As for the other two recipes? The company provides grilling and smoking instructions for the Memphis dry ribs. I have the former, but not the latter. I wanted to do it and do it right, so I was unable to test drive the Memphis dry rib rub. However, I can tell you it's a heady blend of paprika, black peppercorns, onion, garlic, thyme, mustard seed, celery seed, cayenne, and cumin — and something labeled "spices." (No response on that one; I wonder if it's left intentionally mysterious?) Regardless, it seems more than fit to do its job, as a tiny dab of this blend singed my tongue. I can't wait to share this with my neighbor with a smoker.

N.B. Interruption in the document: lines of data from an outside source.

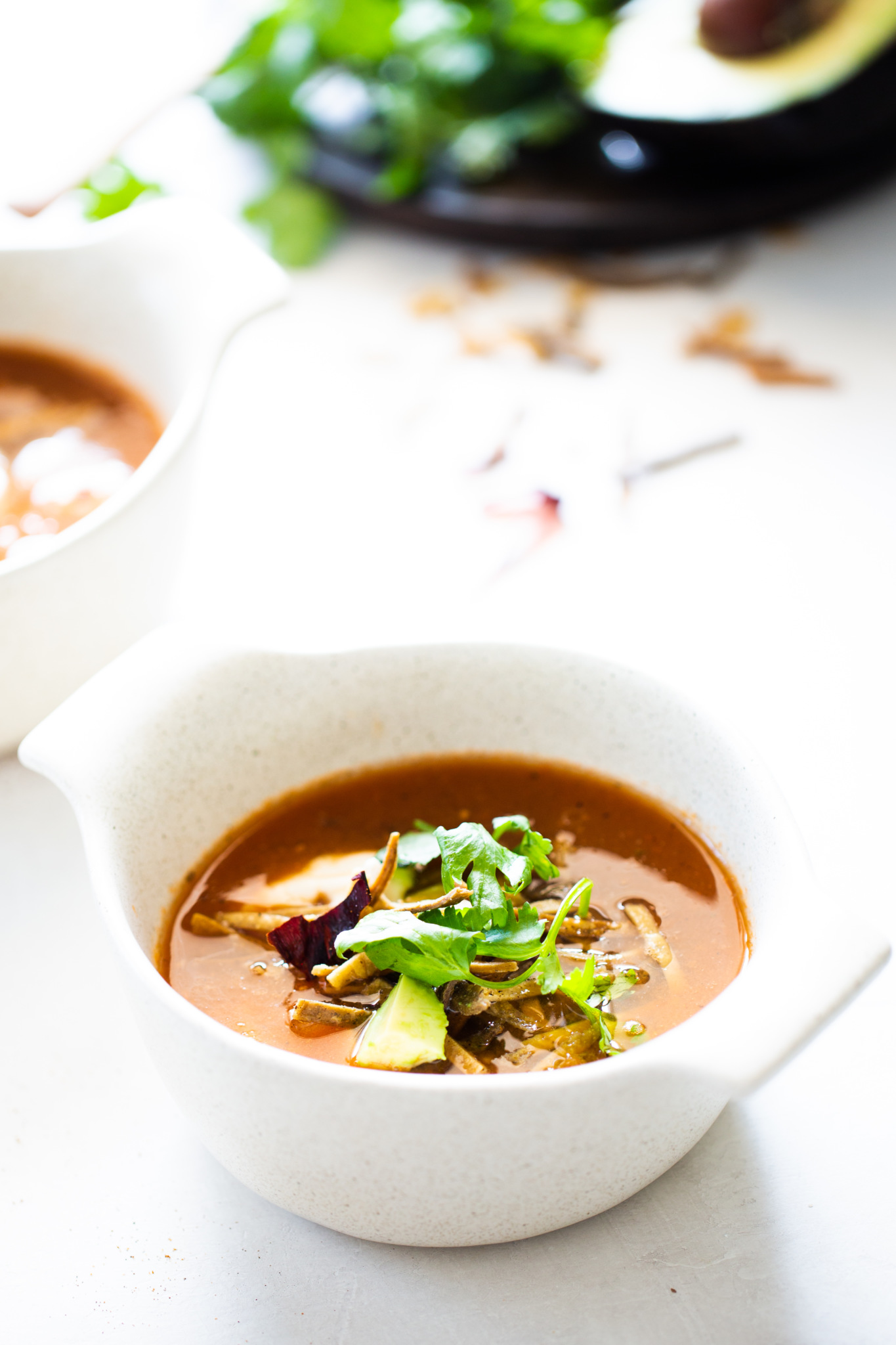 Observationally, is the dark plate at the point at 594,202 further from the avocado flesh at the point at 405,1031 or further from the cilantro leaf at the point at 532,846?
the avocado flesh at the point at 405,1031

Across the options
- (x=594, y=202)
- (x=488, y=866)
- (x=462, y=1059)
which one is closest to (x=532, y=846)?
(x=488, y=866)

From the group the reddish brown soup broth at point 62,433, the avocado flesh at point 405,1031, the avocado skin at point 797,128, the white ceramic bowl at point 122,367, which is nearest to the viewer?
the avocado flesh at point 405,1031

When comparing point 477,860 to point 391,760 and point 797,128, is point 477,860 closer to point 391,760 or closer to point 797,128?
point 391,760

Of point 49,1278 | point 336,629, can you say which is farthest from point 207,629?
point 49,1278

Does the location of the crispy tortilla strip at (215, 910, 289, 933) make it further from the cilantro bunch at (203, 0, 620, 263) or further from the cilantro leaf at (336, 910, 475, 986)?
the cilantro bunch at (203, 0, 620, 263)

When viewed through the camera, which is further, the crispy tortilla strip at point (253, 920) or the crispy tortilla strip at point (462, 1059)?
the crispy tortilla strip at point (253, 920)

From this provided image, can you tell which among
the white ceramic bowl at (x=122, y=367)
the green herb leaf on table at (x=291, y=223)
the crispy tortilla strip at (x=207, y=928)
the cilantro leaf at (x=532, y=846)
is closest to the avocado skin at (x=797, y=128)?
the green herb leaf on table at (x=291, y=223)

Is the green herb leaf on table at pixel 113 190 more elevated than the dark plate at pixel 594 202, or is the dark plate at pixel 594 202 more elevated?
the green herb leaf on table at pixel 113 190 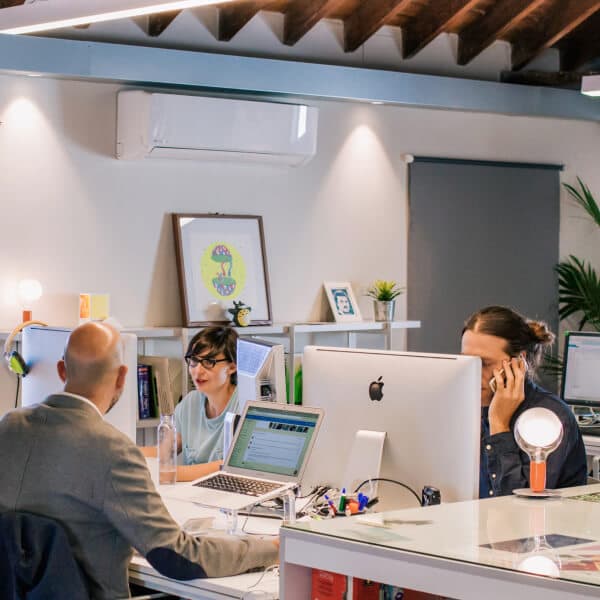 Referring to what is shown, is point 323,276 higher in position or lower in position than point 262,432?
higher

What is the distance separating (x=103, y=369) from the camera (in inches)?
124

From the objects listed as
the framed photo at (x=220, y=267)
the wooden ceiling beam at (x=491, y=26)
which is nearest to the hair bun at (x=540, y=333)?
the framed photo at (x=220, y=267)

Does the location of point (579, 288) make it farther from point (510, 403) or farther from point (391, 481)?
point (391, 481)

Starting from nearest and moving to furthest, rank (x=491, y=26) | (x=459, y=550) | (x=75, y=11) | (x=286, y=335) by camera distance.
Result: (x=459, y=550) < (x=75, y=11) < (x=286, y=335) < (x=491, y=26)

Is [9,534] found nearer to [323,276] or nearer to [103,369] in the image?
[103,369]

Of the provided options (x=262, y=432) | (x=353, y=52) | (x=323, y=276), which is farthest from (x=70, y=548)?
(x=353, y=52)

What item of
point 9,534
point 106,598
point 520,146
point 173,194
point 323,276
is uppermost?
point 520,146

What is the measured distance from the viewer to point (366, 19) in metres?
7.20

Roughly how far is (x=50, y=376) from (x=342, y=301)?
346 centimetres

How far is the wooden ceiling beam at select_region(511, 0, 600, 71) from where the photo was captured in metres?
7.39

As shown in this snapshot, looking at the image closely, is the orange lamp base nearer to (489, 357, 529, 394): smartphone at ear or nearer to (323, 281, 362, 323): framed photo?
(489, 357, 529, 394): smartphone at ear

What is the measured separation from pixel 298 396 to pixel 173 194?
8.89ft

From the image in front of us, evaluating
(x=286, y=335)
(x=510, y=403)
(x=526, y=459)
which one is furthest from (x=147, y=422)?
(x=526, y=459)

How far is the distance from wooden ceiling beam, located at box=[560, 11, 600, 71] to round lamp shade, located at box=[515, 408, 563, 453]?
5448mm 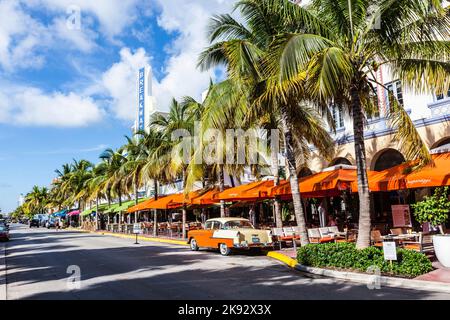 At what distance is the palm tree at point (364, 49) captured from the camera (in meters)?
10.1

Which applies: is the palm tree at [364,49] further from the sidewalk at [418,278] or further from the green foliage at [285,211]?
the green foliage at [285,211]

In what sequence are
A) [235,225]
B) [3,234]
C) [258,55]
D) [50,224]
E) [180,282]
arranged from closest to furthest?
[180,282] < [258,55] < [235,225] < [3,234] < [50,224]

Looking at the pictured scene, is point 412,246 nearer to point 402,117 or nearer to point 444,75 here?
point 402,117

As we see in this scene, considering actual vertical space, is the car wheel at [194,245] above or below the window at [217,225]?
below

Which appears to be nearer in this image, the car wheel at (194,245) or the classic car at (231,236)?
the classic car at (231,236)

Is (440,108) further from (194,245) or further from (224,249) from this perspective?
(194,245)

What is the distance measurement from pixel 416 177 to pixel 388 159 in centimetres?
893

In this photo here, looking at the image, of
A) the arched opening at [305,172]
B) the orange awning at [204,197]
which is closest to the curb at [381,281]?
the orange awning at [204,197]

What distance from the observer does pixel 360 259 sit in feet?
33.8

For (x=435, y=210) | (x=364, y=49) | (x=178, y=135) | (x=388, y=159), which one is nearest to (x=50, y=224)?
(x=178, y=135)

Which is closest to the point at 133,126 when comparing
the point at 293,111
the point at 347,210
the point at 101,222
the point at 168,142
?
the point at 101,222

I was initially skeptical about the amount of applewood smoked sea salt in the last packet — it looked like a few tablespoons of salt. I made the bacon potato salad mostly as directed, but added another small potato. The recipe called for just one pound of potatoes, which seemed scant for eight to 12 people as a side dish, especially because there weren't too many other ingredients that would bulk up the dish's volume. The recipe calls for mayonnaise, but I split the difference between it and plain Greek yogurt based on the personal preferences of my crowd.
The end result was delicious and something I would make again without question. The bacon potato salad took on a slightly smoky taste. The salts were, oddly, more redolent of smoke in smell than in taste, and not too salty. I brought it to a friend's house with four adults and four children under the age of six, and there was one serving left, leading me to further question the "serves eight to 12" claim — this one was more like six to eight. Still, it's nothing a skilled home cook wouldn't immediately sense just by eyeing the ingredients before cooking.
RawSpiceBar is a low-frills, low-budget investment that packs a flavorful, creative punch. It's a fun experiential type of gift for the food lover in your life or an experimental add to your own kitchen. At $6 a month, it's hard to go wrong. Most people spend that much on espresso-based drinks in just a couple of days.